A picture would help…

If you are gluing up a top and have cross grain joints (that is, the end grain butting into long grain…) you are building a heartbreaker since wood *WILL *move and you're not designing to accomodate that fact.

Good Luck!

Be Careful!

Herb


----------



## Loren (May 30, 2008)

Well, you may have messed up on the wood movement side of things.

But give it a week or two to cure and see what happens before you
cut it apart.


----------



## Nomad62 (Apr 20, 2010)

Moisture loss/gain is most likely the culprit. I would recommend letting the wood set and acclimate to your environment before you try to glue it back up, maybe a couple weeks. I would cut it back apart to keep it from cracking fairly soon tho.


----------



## McKinneyMike (Feb 11, 2011)

Ken,

How long did the glued up top sit before finishing/attachment to base? How was it stored during the time between attachment and glue up?

If it was glued up and laid on a solid flat surface that could be the source of the warping. Never store/lat a glued up piece flat on a solid surface if it is unfinished on all surfaces.

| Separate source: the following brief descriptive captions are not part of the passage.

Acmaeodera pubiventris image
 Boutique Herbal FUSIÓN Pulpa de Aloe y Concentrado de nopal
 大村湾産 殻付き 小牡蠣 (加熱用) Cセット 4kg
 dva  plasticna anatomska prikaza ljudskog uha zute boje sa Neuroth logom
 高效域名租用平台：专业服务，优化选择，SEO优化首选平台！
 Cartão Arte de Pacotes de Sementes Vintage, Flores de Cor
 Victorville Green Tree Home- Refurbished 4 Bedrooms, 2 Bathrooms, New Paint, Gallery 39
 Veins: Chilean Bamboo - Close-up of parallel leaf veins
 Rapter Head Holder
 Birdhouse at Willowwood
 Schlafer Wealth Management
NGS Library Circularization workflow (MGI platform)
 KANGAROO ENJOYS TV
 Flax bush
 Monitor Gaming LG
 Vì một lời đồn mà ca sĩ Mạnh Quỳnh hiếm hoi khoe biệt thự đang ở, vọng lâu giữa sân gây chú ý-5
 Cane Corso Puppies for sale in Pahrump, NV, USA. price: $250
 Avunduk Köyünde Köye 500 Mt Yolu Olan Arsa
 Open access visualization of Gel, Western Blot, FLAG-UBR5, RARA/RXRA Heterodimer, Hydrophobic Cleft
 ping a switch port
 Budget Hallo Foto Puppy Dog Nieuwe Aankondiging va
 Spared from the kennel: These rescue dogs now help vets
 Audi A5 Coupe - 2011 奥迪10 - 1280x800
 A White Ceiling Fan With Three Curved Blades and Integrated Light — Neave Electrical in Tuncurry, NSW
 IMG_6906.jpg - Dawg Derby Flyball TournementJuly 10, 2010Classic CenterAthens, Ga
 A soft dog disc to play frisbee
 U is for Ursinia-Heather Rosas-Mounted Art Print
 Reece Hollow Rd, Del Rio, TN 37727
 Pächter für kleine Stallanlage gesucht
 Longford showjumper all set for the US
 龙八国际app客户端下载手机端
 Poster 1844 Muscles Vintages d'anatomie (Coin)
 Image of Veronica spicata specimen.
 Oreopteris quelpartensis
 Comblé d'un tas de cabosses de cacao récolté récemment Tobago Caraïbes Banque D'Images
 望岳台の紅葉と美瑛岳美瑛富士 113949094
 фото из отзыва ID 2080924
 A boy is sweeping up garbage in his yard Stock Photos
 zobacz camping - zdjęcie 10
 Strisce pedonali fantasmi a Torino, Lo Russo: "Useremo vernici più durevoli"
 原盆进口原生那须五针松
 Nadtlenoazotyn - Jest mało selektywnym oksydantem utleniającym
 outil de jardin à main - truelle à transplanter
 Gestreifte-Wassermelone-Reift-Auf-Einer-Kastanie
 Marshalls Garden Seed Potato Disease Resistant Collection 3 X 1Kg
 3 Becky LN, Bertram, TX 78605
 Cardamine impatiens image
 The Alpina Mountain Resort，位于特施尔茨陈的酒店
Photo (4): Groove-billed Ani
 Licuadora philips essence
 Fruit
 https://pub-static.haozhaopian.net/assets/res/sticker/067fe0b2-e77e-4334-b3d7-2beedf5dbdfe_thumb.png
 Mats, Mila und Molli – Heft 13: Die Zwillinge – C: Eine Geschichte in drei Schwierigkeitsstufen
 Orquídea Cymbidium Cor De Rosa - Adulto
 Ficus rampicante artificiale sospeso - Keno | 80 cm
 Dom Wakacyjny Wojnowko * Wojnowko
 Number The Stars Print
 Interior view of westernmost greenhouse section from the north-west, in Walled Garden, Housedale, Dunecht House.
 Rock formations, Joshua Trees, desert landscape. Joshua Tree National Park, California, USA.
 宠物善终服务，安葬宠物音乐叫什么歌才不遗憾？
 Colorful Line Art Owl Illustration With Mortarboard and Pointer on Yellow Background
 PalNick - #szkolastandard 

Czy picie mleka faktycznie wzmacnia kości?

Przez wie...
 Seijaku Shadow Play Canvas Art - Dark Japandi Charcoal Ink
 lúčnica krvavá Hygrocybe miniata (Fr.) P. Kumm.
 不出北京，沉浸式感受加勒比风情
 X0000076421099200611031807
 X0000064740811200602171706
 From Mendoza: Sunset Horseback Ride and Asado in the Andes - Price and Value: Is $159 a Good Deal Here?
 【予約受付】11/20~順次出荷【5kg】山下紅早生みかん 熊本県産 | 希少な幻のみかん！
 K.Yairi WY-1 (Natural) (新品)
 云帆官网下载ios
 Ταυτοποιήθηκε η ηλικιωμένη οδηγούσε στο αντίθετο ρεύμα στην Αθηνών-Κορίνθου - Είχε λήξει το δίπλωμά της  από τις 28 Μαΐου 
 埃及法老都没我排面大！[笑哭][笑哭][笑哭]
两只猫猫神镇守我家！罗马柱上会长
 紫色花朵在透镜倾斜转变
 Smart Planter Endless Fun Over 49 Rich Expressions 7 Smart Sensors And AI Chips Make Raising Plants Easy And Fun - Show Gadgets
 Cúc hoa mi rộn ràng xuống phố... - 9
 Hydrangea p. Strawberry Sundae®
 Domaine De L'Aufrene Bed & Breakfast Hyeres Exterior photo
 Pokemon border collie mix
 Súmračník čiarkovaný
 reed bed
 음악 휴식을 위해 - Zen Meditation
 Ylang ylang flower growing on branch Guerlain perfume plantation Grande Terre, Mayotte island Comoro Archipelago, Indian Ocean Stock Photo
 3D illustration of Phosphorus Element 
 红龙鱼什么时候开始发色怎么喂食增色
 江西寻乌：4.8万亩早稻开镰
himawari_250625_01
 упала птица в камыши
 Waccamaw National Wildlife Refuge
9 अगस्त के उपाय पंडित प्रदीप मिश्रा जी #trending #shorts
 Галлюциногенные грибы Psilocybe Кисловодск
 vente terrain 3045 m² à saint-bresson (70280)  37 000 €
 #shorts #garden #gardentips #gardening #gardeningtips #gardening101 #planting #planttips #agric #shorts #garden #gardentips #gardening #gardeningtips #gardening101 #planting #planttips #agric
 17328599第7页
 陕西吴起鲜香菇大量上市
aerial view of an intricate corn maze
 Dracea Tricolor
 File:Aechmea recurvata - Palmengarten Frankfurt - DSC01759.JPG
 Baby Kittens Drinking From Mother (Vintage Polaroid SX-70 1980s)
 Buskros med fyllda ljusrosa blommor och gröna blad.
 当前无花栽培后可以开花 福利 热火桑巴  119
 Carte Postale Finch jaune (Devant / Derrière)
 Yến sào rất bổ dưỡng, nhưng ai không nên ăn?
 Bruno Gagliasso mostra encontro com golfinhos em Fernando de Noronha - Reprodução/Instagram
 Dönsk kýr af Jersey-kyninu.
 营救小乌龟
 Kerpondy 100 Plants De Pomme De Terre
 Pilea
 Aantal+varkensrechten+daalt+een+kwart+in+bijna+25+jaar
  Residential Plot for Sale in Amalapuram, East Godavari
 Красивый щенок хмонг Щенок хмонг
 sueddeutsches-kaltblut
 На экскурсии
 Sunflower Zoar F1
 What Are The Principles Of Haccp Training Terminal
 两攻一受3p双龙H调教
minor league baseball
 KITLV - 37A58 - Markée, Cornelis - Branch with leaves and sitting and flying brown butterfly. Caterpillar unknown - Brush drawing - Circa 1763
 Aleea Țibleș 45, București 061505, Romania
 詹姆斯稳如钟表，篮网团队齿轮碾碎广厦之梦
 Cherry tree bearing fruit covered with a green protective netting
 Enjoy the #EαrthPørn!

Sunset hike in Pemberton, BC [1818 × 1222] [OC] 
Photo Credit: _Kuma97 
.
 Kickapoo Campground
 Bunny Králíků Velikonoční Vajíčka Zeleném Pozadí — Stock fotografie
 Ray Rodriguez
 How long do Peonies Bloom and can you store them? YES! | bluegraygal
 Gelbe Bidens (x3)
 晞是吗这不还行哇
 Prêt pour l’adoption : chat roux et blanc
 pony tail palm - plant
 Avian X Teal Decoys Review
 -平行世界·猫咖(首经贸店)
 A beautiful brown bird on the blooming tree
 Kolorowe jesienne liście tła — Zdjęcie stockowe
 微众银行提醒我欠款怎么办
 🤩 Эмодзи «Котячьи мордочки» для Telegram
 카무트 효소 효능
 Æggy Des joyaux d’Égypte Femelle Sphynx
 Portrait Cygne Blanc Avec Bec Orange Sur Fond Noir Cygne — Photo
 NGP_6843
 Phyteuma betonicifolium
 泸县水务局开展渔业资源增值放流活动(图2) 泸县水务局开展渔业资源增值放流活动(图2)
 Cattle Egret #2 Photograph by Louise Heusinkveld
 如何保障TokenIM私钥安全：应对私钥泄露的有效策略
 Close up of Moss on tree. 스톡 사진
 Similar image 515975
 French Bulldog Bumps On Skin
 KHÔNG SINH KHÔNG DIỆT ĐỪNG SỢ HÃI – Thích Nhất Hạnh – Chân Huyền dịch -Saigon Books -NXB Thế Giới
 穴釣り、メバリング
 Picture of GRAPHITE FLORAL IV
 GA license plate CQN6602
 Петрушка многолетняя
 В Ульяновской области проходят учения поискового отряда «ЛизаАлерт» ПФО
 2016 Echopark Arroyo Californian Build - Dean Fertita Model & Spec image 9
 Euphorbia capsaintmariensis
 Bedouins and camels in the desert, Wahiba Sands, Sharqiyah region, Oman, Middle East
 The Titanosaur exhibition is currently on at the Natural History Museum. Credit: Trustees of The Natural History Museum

Always store the piece on its edge or its end. I prefer to have it elevated off the floor to help insure that is not affected by moisture possibly coming up from a concrete floor too.

This might not have been the scenario, but thought that I would ask anyway.


----------



## Tennessee (Jul 8, 2011)

I agree totally with McKinneyMike. I glue up strange combinations of wood all the time for my guitar fronts and backs. Look at some of the glued up nonsense on my website. And every time I put them in clamps, with an extra clamp, and stand them up on the ends of the clamp pipes, off the floor, for at least two days. I never have any warping problems. When I get lazy and clamp something on the top of the table, oops, warp will usually show at least a little.


----------



## BillWhite (Jul 23, 2007)

McMike has the idea. I always let my work stabilize in the shop for several days before I glue up. Even though the wood may be "dry", thre will be some movement after planing/jointing, etc. Just finishing a table top in that environment. Don't rush the process. (It only took me a bunch of years to believe in that process.)
I plane, joint, rest the wood, sand, glue/clamp, rest the work, etc.
Slower process, but it sure keeps the agony factor to a manageable level.
Bill


----------



## BillWhite (Jul 23, 2007)

McMike has the idea. I always let my work stabilize in the shop for several days before I glue up. Even though the wood may be "dry", there will be some movement after planing/jointing, etc. Just finishing a table top in that environment. Don't rush the process. (It only took me a bunch of years to believe in that process.)
I plane, joint, rest the wood, sand, glue/clamp, rest the work, etc.
Slower process, but it sure keeps the agony factor to a manageable level.
Even more critcal if you're using any wood from a borg that was harvested yesterday, blast dried, and sold today. Know what I mean?
Bill


----------



## NBeener (Sep 16, 2009)

Did you resaw any of the boards, prior to glue-up ?

Often, resawed boards will warp a LOT, after you resaw them. It's good to resaw … like an eighth over your desired thickness, and then give THOSE boards a week to acclimate. Then, you can plane them down to the desired thickness.

Sad. Good luck !


----------